Automated external defibrillators (AEDs) have been discussed since before the new millennium. So with a little more than 10 years of public access defibrillation (PAD) programs, it is time to test the waters and see how they work. Thus the article, "Public Access Defibrillation: Time to Access the Public, published in the Annals of Emergency Medicine

The editor’s capsule summary was to ask the public from 38 nations whether they know what AEDs are and would they be willing to use them. Basically, the public failed. Less than half of the people could recognize an AED or were willing to use one.

Of all the times I have written or published an article on AEDs, every single one of them started with, "Sudden cardiac arrest is a leading cause of death." This still remains to be true and the good news is we can do something about this problem—if bystanders are willing to help.

The study does not address the issue of how many of the AEDs out there are truly PAD programs. Having performed AED inspections, I have entered government buildings where the AED box was hanging proudly on the wall, but the AED itself was hidden in a closet for fear of someone tampering with it. It is imperative that businesses and industry see AED programs as a form of insurance. Insurance that provides appropriate treatment to a cardiac arrest event. People will be lost to cardiac events in the presence of AEDs, but those are the lesser of these events. Most of these events can be treated with AEDs.

Back to the study that asked, "If you were to see someone lying on the floor, not breathing and suspect cardiac arrest, what would you do?" The public failed across the globe. The study asked, "What is a defibrillator used for?" The public failed again. "Who do you think is allowed to use a defibrillator?" The public failed still again.

Demographics were ascertained from participants too. This was the only part of the questionnaire to receive a passing grade.

This study also investigated the knowledge and attitudes of the public towards AEDs. The public is the largest group of rescuers available. It was also accompanied by regular public announcements on television, printed material and training sessions.

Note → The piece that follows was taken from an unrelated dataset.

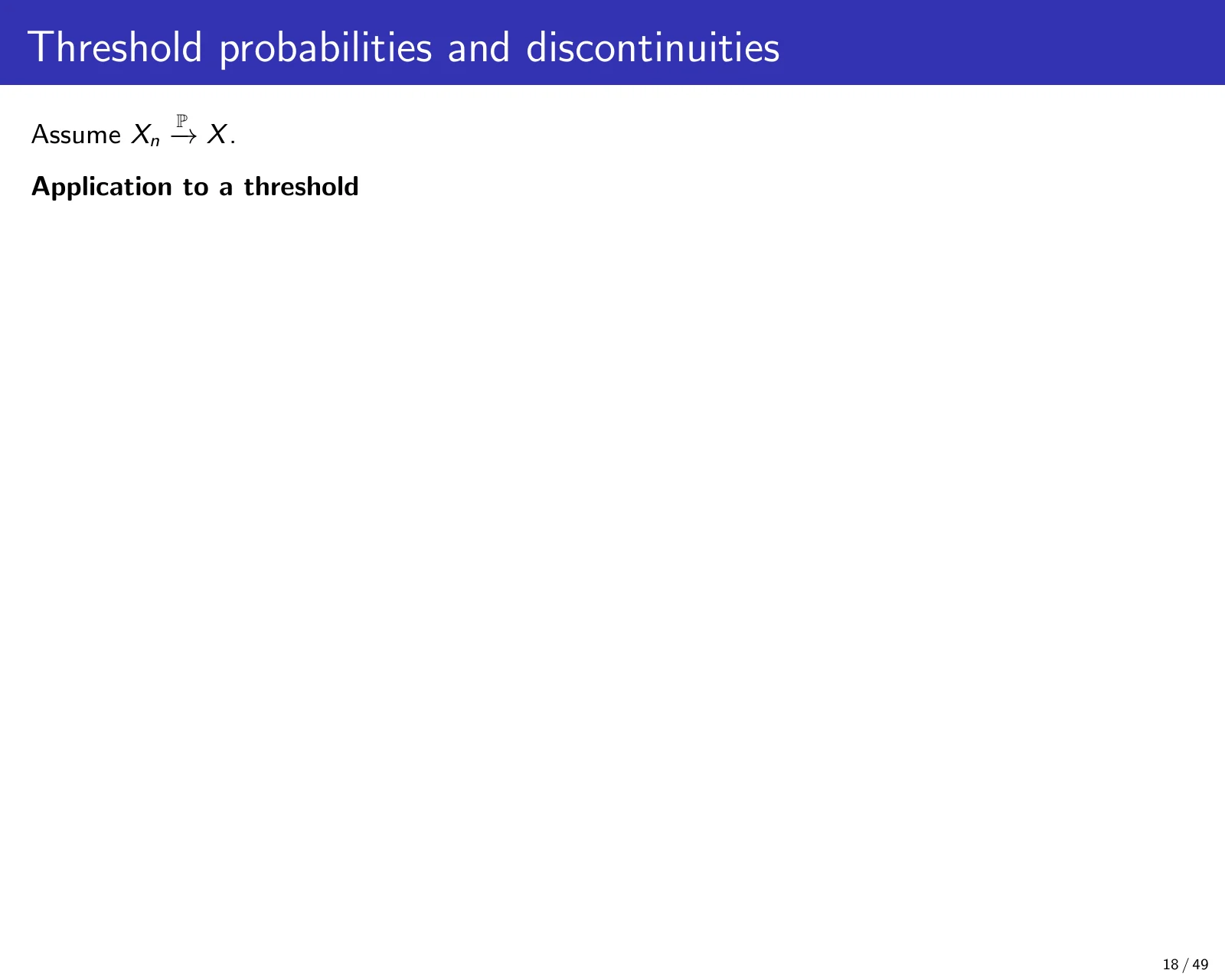 课件第 18 页：Threshold probabilities and discontinuities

Being prepared for an emergency medical event in the post millennium is paramount. It is time that OSHA grew some teeth and increased their gentle advisory to a standard of care in America. AEDs, like fire extinguishers, should be hanging on the wall. This idea was introduced in 1992 in the Industrial Fire World article "It Will Shock You Back To Life," and it still seems like a viable idea.

In the world where high survival rates are seen after cardiac arrest such as in casinos, this information suggest that we could double our cardiac survival rate. To someone whose mother or best friend was saved by an AED it seems simple to implement, but there is resistance. Training, implementation and follow-up can be costly, but compared to that of saving a life on the job site, it is mere pennies.

With a multitude of major disasters going down in the world, people need to prepare for action in a cardiac event. This responsibility should be tied to privileges such as driving or working. Some people may protest. "Don’t add another thing to my plate," they say. Unless of course their plate is now missing a loved one.